Q: Do you personally feel that you can connect with any of the main characters that you created in this novel?
A: Yes, I do. Since the book is a first-person narrative, I felt less restricted to write from the perspective of Noora. It was more like, ‘what would I have felt or done had I been in that situation?’
As for many of the other characters, I must say they were inspired by the people I’ve met and known personally in life. I’ve even included dialogues from real-life conversations I’ve had with people.
Q: How has the response been to the book so far after publication? And have you begun work on your next novel?

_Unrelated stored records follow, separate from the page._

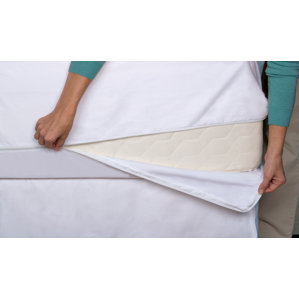 Anti Bed Bug Wrapper Mattress Protector by Maison Condelle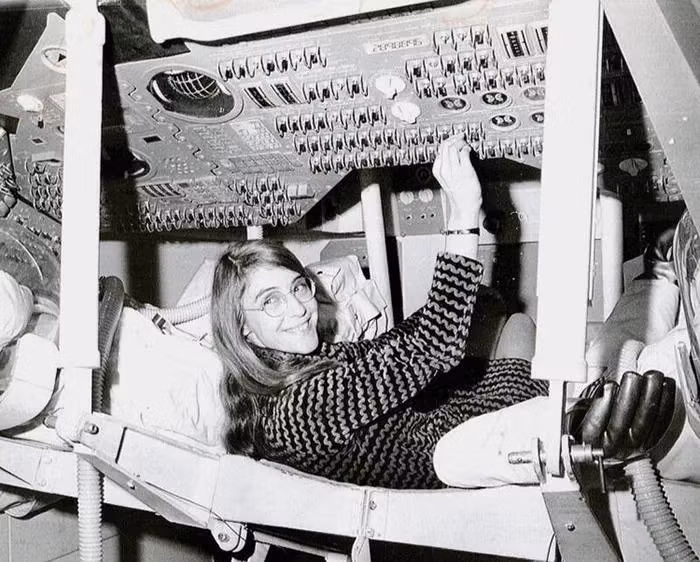 May mắn thay, nữ kỹ sư Margaret Hamilton đã chuẩn bị cho tình huống này từ lâu về trước. Và nhờ vào chương trình phát hiện và sửa lỗi mà cô viết, phần mềm đã khởi động lại và Apollo 11 đã hạ cánh thành công.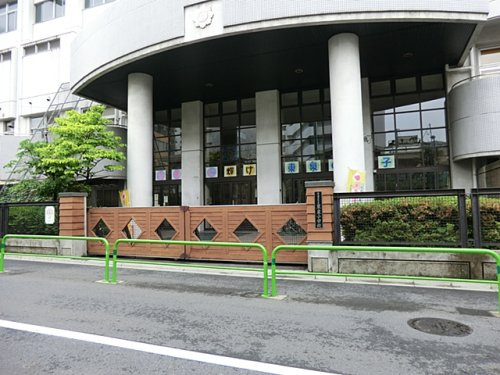 【小学校】東泉小学校まで811ｍ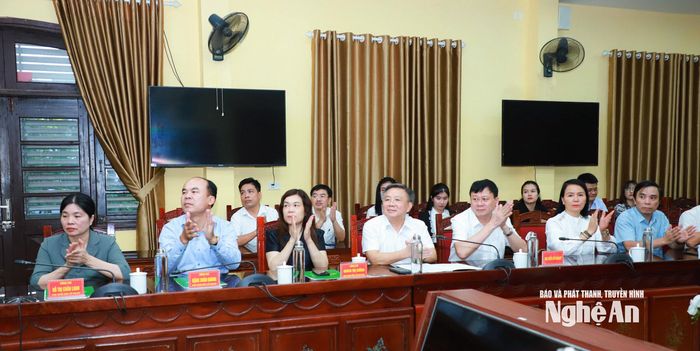 Lãnh đạo, cán bộ các Sở: Giáo dục và Đào tạo; Văn hóa, Thể thao và Du lịch tại chương trình. Ảnh: Thành Duy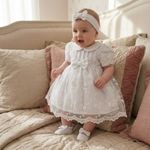 VESTIDO BEBÊ CELEBRAR KATE COM BORDADO FLORAL E TAPA-FRALDA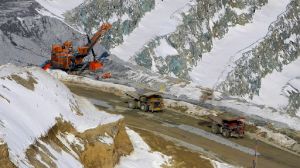 Antofagasta Minerals estudia el uso de hidrógeno verde y de camiones híbridos que funcionen con GNL y petróleo Antofagasta Minerals estudia el uso de hidrógeno verde y de camiones híbridos que funcionen con GNL y petróleo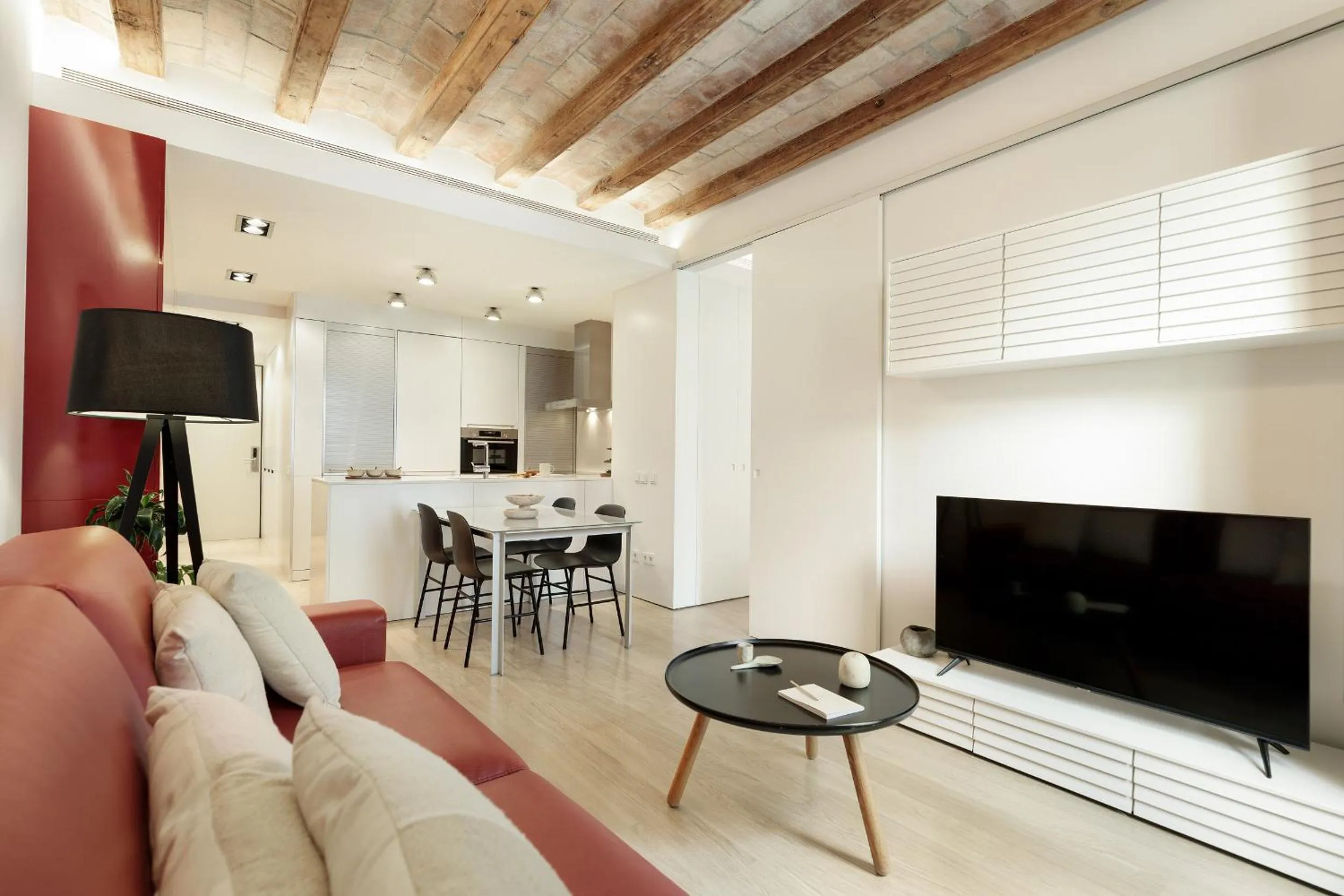 Dining area in Ola Living Portaferrissa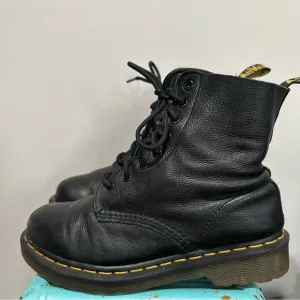 Dr. Martens Pascal AW004 Black Soft Leather Boots Size 7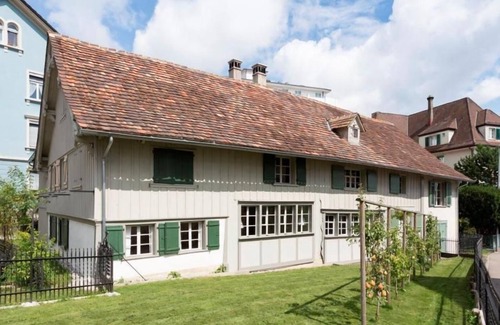 Romanshorn Apartment | Holiday apartment Romanshorn for 1 - 6 persons with 3 bedrooms - Historical building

A: I’m honestly very happy with the response to the book, all praise is to Allah. Sales may not have been as much as I expected, but no complaints! Covid-19 did take a toll on many, but I believe there’s always great reason behind what happens, even if we can’t always comprehend what it is. My family, the publisher- Jeremy Muller, friends and readers have been very supportive in promoting the book in their own ways.
As for my next novel, I haven’t publicly made a statement regarding it. But since I am asked now, well yes, I have started working on it. I started working on it towards the end of November last year. It is something that requires research too, so I am taking my own time on that.